Lourdes hands me a grocery bag filled with dog food and bowls and toys and a leash. When I told her my plan, she decided she and Leo and the kids would take the dog-free weekend as an opportunity to go up to Napa for the night.

“Don't forget,” Lourdes says, “she's a toilet drinker.”

“Noted.”

“And she'll hop up on the furniture the minute you walk out the door.”

“Lourdes. Don't worry about us. Go have fun.”

“Okay. I'll bring you back a bottle of something. It might or might not be empty, depending on how many times Gabby asks if we're there yet on the drive home.” She frowns. “Are you sure it wouldn't be better if I stayed? Isn't there anything I can do to help?”

I nod toward Giselle. “You
are
helping.”

Lourdes glances doubtfully at her dog. Then she breaks out her jazz hands and begins singing, to the tune of “Master of the House” from
Les Misérables
,
“Never leaves the house, never through the gate, orders so much from Amazon that she gets a special rate!”
She mimics the sound of a crowd cheering. “And the audience goes wild following Maggie Brennan's final performance in the
The Agoraphobic Therapist,
this year's Tony winner for Weirdest New Musical.” Lourdes throws her jazz hands around me, squeezing me within one of her signature robust hugs.

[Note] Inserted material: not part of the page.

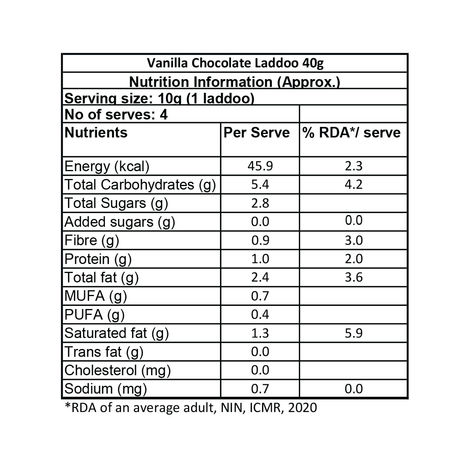 Eat Better Co - Vanilla & Chocolate Laddoos - No Added Sugar - High Protein, 100% Natural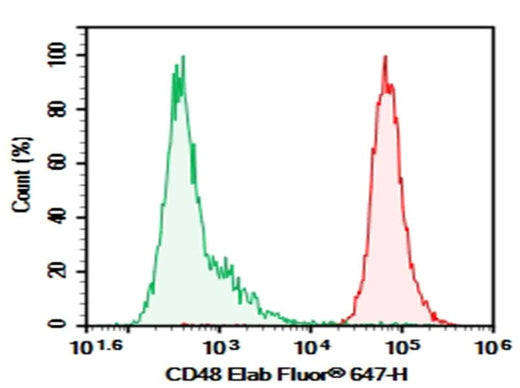 C57/BL6 Mouse splenocytes were stained with 0.2 μg AF/LE Purified Anti-Mouse CD48 Antibody[HM48-1] (Right) and 0.2 μg Armenian Hamster IgG, κ Isotype Control (Left), followed by PE-conjugated Goat Anti-Armenian Hamster IgG Secondary Antibody.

“Good luck,” she whispers. “I love you.”

After she leaves, I pour water into Giselle's bowl. It's the first time I've had a dog in the apartment since Toby died. She laps up water in a different way than he did; her sounds are softer, daintier.

“Exposure therapy,” I say aloud. “Systematic desensitization.”

When the house is silent and I know Lourdes and her family have left, I clip Giselle's leash to her collar.

As we near the sidewalk gate, I do all the things I know I should do—the very things I tell my patients to practice when they are overcome by anxiety. I concentrate on my breathing, drawing air
in through my nose and expelling it through my mouth. I visualize our walk—a quick, uneventful trip to the corner. I reach down and run my hand along the length of Giselle's back. As if on command, she sits. Her gaze is nailed to the gate, her body shivering with anticipation. I wrap the leash around my hand until it's so short that I can touch the ends of Giselle's curls with my fingers.

I open the gate.

Something black and cold courses through me.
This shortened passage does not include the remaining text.